Akin — the director of films such as "Head-On," "Crossing the Bridge: the Sound of Istanbul" and "Soul Kitchen" — gave a long interview to Agos on July 30 about "The Cut," his new film that focuses on the Armenian genocide. The interview was received with great interest and contained intriguing revelations.
For instance, Akin said he considered making a film about the life of Turkish-Armenian journalist Hrant Dink, the former Agos editor who was assassinated in 2007, but none of the Turkish actors he approached would take the role.
Akin then began to work on a new project: the story of a Turkish Armenian who embarks on a worldwide search for his daughters after surviving the 1915 massacres. Akin wrote the script in German, but later decided to shoot the film in English. He sought help from Mardik Martin, an American screenwriter with Iraqi and Armenian roots who has contributed to the scripts of Martin Scorsese films. According to Akin, Martin not only translated but modified and “intensified” the script.

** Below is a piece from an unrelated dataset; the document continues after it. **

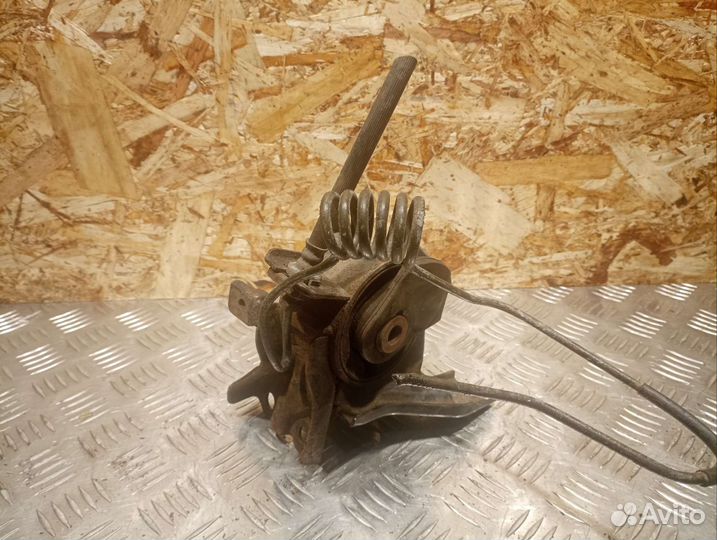 Опора кпп левая Kia Sportage II 2.0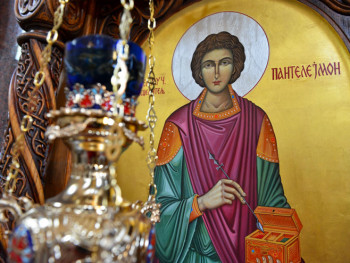 СПЦ и вјерници прослављају Светог Пантелејмона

The film — starring French actor of Algerian origin Tahar Rahim and Turkish actor Bartu Kucukcaglayan — was shot in Jordan, Cuba, Canada, Malta and Germany. It is scheduled to premiere at the upcoming Venice Film Festival, and only a trailer is currently available.
Akin told Agos he did not consider "The Cut" a film about the Armenian genocide but rather an adventure movie. He said he had no political motives in making the film and hoped it would "receive due respect in Turkey and be shown in large, modern theaters."
Akin was aware his film would not be treated as just another movie in Turkey, even though he did not see it as the genocide. "The Cut," after all, is the first film by a Turkish director that addresses the events of 1915. The director, however, remained optimistic that the film’s showing in Turkey would be trouble free. “I’m confident that the Turkish people, to which I belong, are ready for this film,” he told Agos.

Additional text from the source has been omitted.